# [Exercise instructions]
Reproduce the listing below exactly, minus its pictures.

# [Recorded information]
^^^^^^^^

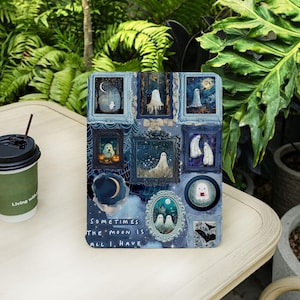 May include: A decorative panel featuring framed illustrations of ghosts, moons, and bats in a blue and white color scheme. The text "Sometimes the moon is all I have" is printed on the panel. A coffee cup with a straw is on the left.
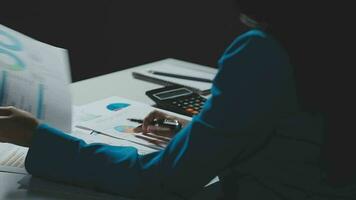 Audit concept,Administrator business man financial inspector and secretary making report calculating balance. Internal Revenue Service checking document. video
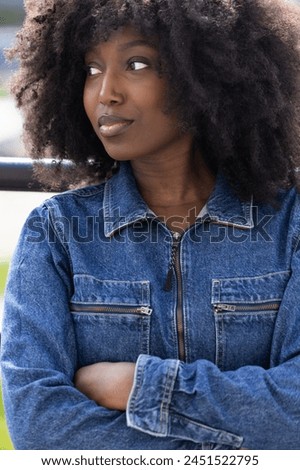A close-up portrays a Black woman with an afro, clad in a classic denim jacket, gazing away with a dreamy expression. The soft focus on her face enhances her contemplative look, suggesting deep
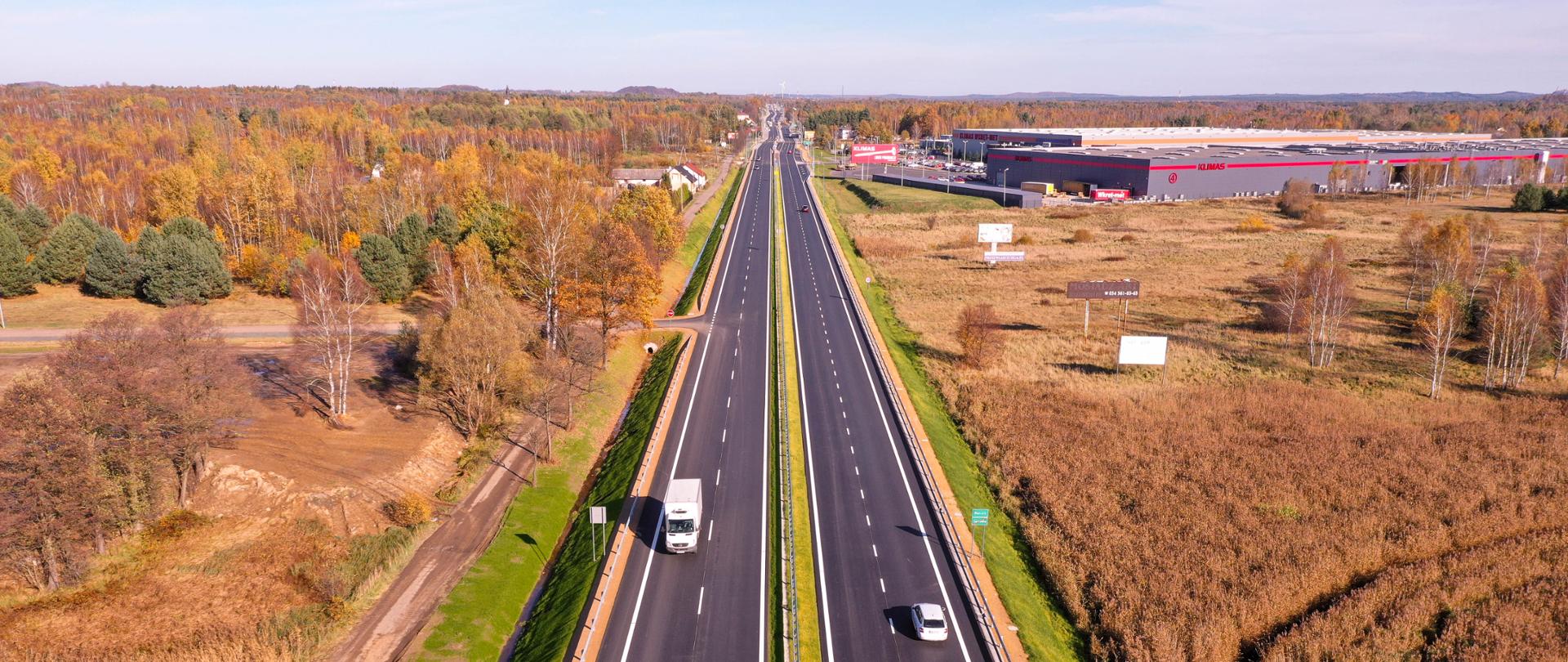 Dwujezdniowa droga krajowa po dwa pasy ruchu w obu kierunkach przebiegająca między lasami i budynkami magazynowymi. Zdjęcie wykonane późną jesienią. Drzewa pozbawione częściowo liści, miejscami przebijający złoty i czerwony kolor drzew.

^^^^^^^^

# [Answer space]
 May include: A decorative panel featuring framed illustrations of ghosts, moons, and bats in a blue and white color scheme. The text "Sometimes the moon is all I have" is printed on the panel. A coffee cup with a straw is on the left.
 Audit concept,Administrator business man financial inspector and secretary making report calculating balance. Internal Revenue Service checking document. video
A close-up portrays a Black woman with an afro, clad in a classic denim jacket, gazing away with a dreamy expression. The soft focus on her face enhances her contemplative look, suggesting deep
 Dwujezdniowa droga krajowa po dwa pasy ruchu w obu kierunkach przebiegająca między lasami i budynkami magazynowymi. Zdjęcie wykonane późną jesienią. Drzewa pozbawione częściowo liści, miejscami przebijający złoty i czerwony kolor drzew.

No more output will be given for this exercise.